Shiva Nazar-Ahari’s family is gravely concerned about the fact that her court date has not yet been scheduled despite the fact that she has been in temporary detention for nearly a year. Shiva is a journalist, human rights defender and women’s rights activist. A court hearing had been scheduled in June but was postponed for unknown reasons. During that time, Judge PirAbassi, the judge overseeing the case, had promised Shiva and her family that after combining the cases pending against her he would schedule a court date. Shiva is currently being held in the women’s ward at Evin prison. This member of the Committee of Human Rights Reporters has spent over 100 days in solitary confinement. She was arrested in June 2009, one day following the disputed presidential elections, but was released 3 months later on a bail order of 200 Million Tomans (roughly $200,000). She was arrested again on December 20, 2009 along with Koohyar Goudarzi another member of the Committee of Human Rights Reporters, as they traveled to Qom to take part in the funeral services of the late Ayatollah Montazeri. Despite all the months in detention the status of her case remains unclear. Koohyar Goudarzi also remains in prison.

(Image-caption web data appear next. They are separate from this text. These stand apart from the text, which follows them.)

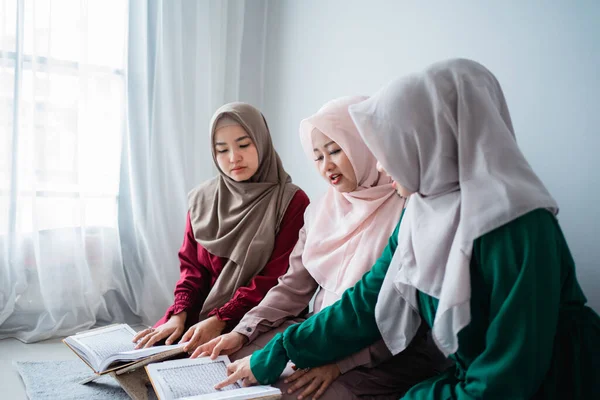 Три азиатских мусульманки читать и изучать священную книгу Аль-Корана вместе — стоковое фото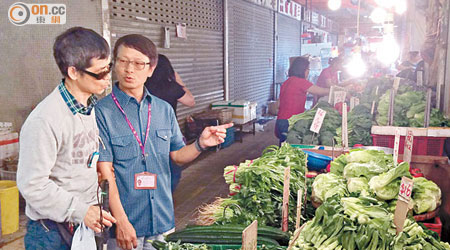 Gary（右）正以觸感手語與阿Lam（左）溝通，告知他街市菜價，協助他買餸。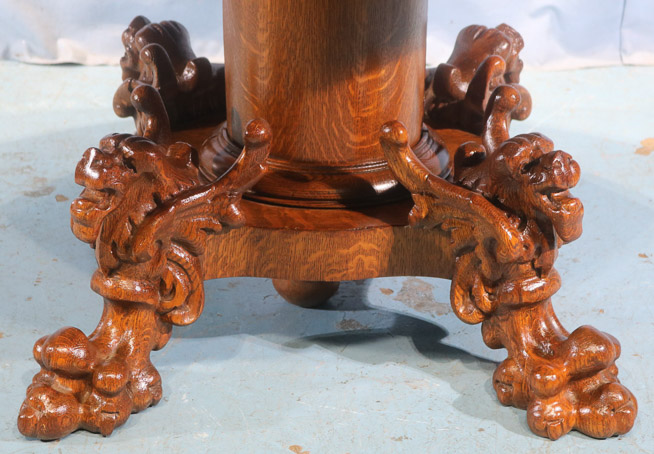 100b - Solid oak dining table with winged griffin and large claw feet on base, 4 leaves, 8.5 in. W.-28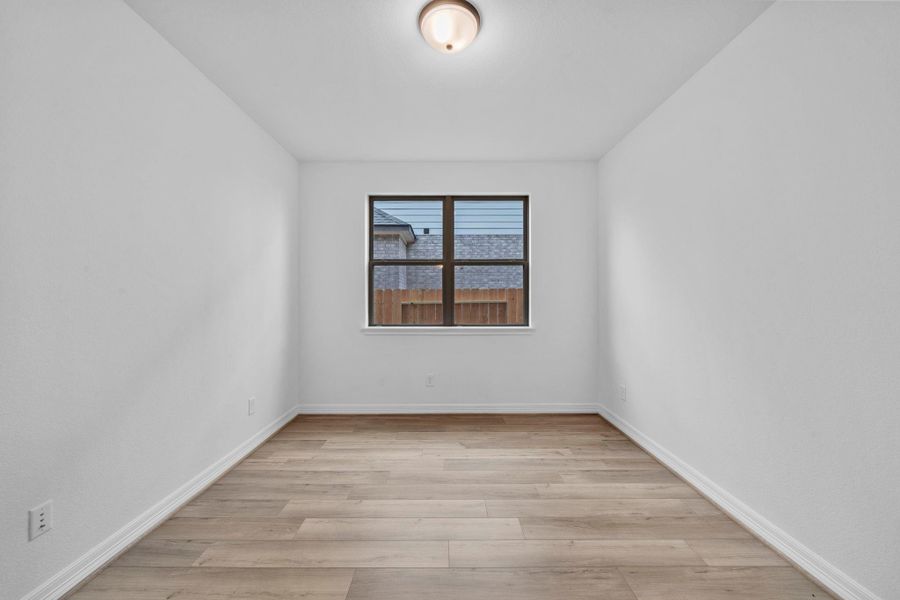 A flexible space ready to adapt—perfect for a playroom, hobby space, or cozy retreat.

The following is an interview conducted by Kalameh with Shiva’s mother, Shahrzad Kariman:
What is the latest status of Shiva’s case? Will the court hearing be held after all?
It has been seven months since the second time my daughter was arrested, but she remains in prison in a state of limbo. Six of these seven months were spent in Section 209 of Evin prison [managed by the Ministry of Intelligence] and one month has been spent in the public ward. I have gone to the Revolutionary Courts on numerous occasions, but their response has been very insulting.
Why? What have you asked of the Judge overseeing the case to warrant insulting responses?
Shiva’s father and I only have one question, why is it that despite the promises of Judge PirAbassi a month and a half ago, who said that after compiling the cases against Shiva into one case the court would hold a hearing, Shiva remains in prison in a situation of limbo. I went to the courts once to inquire about the situation of my daughter and intended to ask this question, but the person in charge of Judge PirAbassi’s office was very disrespectful, so much so that after that experience I took ill for two days. On another occasion when Shiva’s father went to the office of Judge PirAbassi, Mr. Satari the office manager was similarly disrespectful toward him. Although, I should note, that more recently, their approach has improved.
Has Shiva’s father also followed up with the courts about the date of her trial?
Yes. He only had one question in this respect. Don’t we, as the parents of Shiva, who has been in prison for nearly one year, have the right to ask the court one question? But the office manager of Judge PirAbbasi had the same disrespectful approach toward Shiva’s father. He even threatened my husband, saying that if he did not vacate the court in three minutes, he would be arrested. For this reason, when trying to exit the courts quickly, Shiva’s father slipped and fell on the stairs and broke his leg. What is the logic of the courts that makes them treat the worried parents of a young prisoner in this manner?
Have you complained to the prosecutor’s office about the treatment you are receiving from the courts in following up the case of your daughter?
We requested a visit with the prosecutor some time ago, but have received no response. We have also requested an in person visit with our daughter in prison, on three occasions, but those requests have had no response either. Currently we are able to visit with Shiva once a week but from behind a glass cabinet. It has been a long time since we had an in person visit with Shiva. I don’t know why the prosecutor does not allow us to have an in person visit with our loved one.
What is the situation of your daughter in the women’s public ward at Evin prison? Does she benefit from basic sanitary conditions in prison?
Shiva never complains. She did not complain when she was in Section 209 of Evin prison [managed by the Ministry of Intelligence] nor has she complained now that she is in the public ward at Evin. She is currently sharing a prison cell with 26 other female prisoners. The room has only 21 beds, meaning that 5 prisoners have to sleep on the floor and Shiva is one of the ones sleeping on the floor. There is always a shortage of water in this ward and the water is turned off regularly. They only have water for 2-3 hours a day. Sanitary conditions at the Ward are poor, and there is a serious problem with lice. The food given to prisoners of this Ward is not nutritious. There is no fruit available even at the prison store. For example, Shiva told us that 26 people shared a single melon. The store at the prison only sells canned food, which we all know is not nutritious. For this reason, I am worried about my daughter’s health. Despite all the hardships she endures, Shiva never complains and says that she is fine.
So it seems that your daughter’s emotional health is fine?
Yes. Shiva is resilient and she never complains about anything. But the indeterminate state of the case pending against her has worried all of us.
What is your request, if any, of those in charge of Shiva’s case?
I ask all court officials and interrogators to follow up her case, so that her situation is clarified and a court date scheduled. Shiva has put up a bail amount of 200 Million Tomans (roughly $200,000) for her conditional release from prison the first time she was arrested in June. We hope that after her court hearing is held and given that the bail amount is still in place, she will be conditionally released or will be allowed temporary leave so she can come home to her family.